New research has revealed that people who are dealing with chronic conditions can live longer if they follow a healthy lifestyle. Regular exercise and saying no to smoking and alcohol can reduce the risk of early death among people with chronic ailments. A healthy lifestyle has always been linked to longevity. However, this study focuses on how lifestyle factors affect people with multiple health issues such as hypertension, asthma, cancer, diabetes, depression, migraine, and angina. A team of scientists from the UK has followed nearly 93736 patients with chronic ailments for up to nine years. They have observed their lifestyle factors such as alcohol intake, physical activity, smoking habits, and diet during the study.
Experts have said that men who have followed a very healthy lifestyle are expected to live a longer life by 6.3 years irrespective of their underlying chronic conditions. Whereas women who have followed a very healthy lifestyle have been associated with up to 7.3 years longer life as compared to those who have been given the lowest lifestyle score. Experts have said that no smoking is the most beneficial lifestyle factor. People, who smoke at the age of 45, are expected to live five to six years less than the people who do not smoke. Regular workout has been linked with 1 to 2.5 years of extra life, as per the experts.
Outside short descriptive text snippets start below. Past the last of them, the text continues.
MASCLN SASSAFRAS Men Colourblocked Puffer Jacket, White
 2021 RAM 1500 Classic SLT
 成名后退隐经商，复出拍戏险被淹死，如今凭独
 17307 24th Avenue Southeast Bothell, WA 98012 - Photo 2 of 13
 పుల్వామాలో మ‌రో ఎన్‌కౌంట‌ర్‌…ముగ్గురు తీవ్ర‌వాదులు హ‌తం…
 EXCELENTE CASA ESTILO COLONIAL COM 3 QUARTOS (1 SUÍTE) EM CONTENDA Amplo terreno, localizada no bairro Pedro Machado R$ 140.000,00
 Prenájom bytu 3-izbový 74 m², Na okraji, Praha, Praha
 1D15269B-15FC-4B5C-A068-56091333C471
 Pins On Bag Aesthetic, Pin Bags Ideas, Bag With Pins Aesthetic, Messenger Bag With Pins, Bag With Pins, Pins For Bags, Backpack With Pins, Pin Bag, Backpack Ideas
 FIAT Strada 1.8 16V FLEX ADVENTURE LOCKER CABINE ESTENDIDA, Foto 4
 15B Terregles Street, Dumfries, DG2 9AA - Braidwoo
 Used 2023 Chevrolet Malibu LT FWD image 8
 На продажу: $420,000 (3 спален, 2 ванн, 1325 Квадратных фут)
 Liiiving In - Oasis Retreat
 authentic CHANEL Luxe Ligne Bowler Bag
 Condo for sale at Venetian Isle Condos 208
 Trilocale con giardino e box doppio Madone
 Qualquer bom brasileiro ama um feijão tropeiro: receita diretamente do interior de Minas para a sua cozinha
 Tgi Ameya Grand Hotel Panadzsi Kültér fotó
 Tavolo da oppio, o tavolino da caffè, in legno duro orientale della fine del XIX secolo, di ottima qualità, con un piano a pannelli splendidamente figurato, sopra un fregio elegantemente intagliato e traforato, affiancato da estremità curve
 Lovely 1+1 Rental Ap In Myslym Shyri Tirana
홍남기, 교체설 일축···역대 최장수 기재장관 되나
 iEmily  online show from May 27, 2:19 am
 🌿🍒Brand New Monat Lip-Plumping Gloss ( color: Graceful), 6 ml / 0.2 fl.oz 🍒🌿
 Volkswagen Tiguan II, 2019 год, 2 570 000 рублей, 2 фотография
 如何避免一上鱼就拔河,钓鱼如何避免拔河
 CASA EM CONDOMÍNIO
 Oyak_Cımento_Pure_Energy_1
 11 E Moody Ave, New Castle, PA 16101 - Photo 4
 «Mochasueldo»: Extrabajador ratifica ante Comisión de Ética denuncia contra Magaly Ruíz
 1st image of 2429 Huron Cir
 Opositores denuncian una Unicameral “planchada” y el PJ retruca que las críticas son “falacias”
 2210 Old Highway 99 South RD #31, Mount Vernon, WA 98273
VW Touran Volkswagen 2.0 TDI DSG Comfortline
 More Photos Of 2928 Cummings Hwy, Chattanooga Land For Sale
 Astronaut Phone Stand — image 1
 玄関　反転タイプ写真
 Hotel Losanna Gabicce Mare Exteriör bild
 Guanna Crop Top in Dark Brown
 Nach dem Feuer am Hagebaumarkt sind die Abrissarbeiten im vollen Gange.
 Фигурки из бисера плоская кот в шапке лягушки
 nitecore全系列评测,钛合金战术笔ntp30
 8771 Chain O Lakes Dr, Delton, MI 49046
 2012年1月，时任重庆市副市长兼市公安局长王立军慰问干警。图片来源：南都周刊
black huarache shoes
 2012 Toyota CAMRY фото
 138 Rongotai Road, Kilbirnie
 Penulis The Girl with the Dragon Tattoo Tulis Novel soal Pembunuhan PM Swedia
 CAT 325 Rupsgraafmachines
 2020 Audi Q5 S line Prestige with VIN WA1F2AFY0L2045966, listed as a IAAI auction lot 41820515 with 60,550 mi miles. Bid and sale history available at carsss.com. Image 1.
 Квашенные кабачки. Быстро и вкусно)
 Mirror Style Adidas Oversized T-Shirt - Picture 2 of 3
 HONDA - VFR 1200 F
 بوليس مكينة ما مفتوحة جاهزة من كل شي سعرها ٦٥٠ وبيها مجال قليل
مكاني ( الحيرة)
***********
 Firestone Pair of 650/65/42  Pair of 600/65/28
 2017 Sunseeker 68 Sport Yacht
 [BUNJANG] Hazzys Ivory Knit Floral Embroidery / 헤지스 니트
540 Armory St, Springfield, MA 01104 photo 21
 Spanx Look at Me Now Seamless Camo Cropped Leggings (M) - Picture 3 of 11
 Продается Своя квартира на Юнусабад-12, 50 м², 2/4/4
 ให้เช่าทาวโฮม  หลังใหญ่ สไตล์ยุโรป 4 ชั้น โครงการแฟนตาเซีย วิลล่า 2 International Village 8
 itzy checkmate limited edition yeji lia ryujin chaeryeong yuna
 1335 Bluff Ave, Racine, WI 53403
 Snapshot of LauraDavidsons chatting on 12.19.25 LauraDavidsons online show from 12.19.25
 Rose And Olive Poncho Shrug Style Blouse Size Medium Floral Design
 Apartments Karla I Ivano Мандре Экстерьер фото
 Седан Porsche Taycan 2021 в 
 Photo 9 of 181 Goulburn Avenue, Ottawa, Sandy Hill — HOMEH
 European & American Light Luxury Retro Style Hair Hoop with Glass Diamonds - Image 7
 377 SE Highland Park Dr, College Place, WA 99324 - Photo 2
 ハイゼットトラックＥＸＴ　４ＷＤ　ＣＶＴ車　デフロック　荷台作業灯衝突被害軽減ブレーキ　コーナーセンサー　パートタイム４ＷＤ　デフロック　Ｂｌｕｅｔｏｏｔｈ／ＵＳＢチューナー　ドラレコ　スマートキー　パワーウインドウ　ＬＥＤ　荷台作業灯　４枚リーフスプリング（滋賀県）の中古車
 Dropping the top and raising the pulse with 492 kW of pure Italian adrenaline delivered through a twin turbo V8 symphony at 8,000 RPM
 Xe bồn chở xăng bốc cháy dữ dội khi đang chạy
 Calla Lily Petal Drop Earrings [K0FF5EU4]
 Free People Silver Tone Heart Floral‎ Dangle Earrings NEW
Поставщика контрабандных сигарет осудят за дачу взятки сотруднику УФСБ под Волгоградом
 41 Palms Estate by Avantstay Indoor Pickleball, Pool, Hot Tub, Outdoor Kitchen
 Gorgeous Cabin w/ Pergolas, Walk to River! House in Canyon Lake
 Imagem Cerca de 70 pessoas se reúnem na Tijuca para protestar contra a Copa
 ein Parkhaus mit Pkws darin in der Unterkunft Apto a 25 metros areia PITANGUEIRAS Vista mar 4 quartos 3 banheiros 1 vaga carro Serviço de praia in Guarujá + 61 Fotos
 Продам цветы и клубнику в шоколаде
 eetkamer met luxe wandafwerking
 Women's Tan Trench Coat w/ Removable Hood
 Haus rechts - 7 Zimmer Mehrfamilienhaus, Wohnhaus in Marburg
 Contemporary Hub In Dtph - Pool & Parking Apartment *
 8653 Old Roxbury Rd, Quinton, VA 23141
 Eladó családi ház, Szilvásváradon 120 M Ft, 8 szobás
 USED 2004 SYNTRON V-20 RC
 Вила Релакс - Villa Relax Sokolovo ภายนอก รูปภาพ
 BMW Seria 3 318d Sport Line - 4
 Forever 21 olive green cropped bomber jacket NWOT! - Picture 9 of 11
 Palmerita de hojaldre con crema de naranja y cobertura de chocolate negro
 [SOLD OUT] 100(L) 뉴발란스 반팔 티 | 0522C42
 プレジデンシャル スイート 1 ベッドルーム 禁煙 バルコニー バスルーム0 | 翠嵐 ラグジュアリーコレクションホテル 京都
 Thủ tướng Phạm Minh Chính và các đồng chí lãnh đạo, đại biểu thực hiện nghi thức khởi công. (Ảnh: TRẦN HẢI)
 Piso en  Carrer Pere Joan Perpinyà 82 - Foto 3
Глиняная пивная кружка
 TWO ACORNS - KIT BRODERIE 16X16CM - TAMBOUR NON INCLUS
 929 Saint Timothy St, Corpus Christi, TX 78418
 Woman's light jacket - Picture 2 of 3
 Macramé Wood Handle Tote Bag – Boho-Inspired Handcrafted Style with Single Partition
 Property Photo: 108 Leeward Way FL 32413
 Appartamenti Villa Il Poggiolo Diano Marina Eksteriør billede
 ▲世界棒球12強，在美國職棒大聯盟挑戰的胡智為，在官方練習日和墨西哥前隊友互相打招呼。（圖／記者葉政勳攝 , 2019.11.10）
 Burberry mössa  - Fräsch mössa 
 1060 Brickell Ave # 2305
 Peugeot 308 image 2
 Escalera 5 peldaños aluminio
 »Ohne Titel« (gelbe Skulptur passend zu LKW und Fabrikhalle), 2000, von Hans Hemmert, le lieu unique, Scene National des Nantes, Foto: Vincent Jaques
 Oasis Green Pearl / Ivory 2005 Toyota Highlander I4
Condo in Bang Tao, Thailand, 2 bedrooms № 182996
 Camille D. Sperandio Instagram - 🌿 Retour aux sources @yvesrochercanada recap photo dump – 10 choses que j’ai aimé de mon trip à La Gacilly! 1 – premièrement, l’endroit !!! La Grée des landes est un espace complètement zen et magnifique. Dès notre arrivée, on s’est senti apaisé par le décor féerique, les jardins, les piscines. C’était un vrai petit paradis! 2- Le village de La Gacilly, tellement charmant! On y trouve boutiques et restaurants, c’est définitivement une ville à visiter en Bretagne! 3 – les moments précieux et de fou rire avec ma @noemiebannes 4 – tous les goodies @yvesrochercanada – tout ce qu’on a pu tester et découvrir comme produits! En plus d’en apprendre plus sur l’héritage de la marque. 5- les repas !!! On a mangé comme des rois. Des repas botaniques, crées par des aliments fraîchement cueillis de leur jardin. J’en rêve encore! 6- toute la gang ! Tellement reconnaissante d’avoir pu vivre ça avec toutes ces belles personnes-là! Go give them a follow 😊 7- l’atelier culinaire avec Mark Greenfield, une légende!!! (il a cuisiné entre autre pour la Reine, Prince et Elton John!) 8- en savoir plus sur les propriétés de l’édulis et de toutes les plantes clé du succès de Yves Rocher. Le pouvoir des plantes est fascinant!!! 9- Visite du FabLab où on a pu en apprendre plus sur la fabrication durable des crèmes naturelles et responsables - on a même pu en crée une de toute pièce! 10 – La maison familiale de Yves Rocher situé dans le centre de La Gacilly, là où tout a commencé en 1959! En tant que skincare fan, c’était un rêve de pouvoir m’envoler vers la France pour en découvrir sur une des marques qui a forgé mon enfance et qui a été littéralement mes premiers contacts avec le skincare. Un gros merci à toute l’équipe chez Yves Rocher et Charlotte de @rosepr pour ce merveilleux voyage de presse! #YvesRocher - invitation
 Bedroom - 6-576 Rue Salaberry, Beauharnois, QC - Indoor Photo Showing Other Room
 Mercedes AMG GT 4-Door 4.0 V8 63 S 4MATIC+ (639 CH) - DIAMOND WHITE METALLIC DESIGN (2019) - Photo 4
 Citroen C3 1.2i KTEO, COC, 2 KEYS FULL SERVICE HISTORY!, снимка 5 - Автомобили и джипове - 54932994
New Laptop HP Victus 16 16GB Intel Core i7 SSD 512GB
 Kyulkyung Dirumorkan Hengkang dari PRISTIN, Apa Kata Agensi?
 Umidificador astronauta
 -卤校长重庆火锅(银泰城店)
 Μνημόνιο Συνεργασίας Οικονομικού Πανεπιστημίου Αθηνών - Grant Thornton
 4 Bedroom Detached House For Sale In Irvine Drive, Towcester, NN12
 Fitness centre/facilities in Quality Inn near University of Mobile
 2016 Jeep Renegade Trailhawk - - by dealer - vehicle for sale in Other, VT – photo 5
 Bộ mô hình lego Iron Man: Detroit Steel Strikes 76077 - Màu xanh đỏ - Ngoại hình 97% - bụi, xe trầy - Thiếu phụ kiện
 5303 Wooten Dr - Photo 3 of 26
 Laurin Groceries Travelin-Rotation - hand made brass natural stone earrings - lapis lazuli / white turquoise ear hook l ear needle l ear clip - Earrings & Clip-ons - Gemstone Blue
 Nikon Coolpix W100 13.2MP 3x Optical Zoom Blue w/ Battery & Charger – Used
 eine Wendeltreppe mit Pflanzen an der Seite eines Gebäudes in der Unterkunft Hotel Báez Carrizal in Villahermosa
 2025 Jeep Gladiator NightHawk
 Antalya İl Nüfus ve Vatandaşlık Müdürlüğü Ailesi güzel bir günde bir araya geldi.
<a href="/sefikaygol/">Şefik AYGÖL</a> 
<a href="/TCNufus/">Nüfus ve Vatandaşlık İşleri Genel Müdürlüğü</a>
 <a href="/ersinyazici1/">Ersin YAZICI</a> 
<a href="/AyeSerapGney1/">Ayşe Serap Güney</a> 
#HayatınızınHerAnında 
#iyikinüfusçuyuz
The study has found that a healthy lifestyle along with abstinence from smoking can increase life expectancy for up to 7 years. Experts have said that the findings of the study are very essential for public health and it is never too late to make healthy lifestyle changes to lead a healthy life. Women with two chronic diseases, who have been given an unhealthy score based on the four factors of lifestyle, are expected to live 3.5 years longer than those who have been given a very unhealthy score. Scientists have observed individual factors like socioeconomic status, employment status, and ethnicity as well in the study. However, there are some limitations to this study as the majority of the participants have been white and quite affluent as compared to the general population in the UK.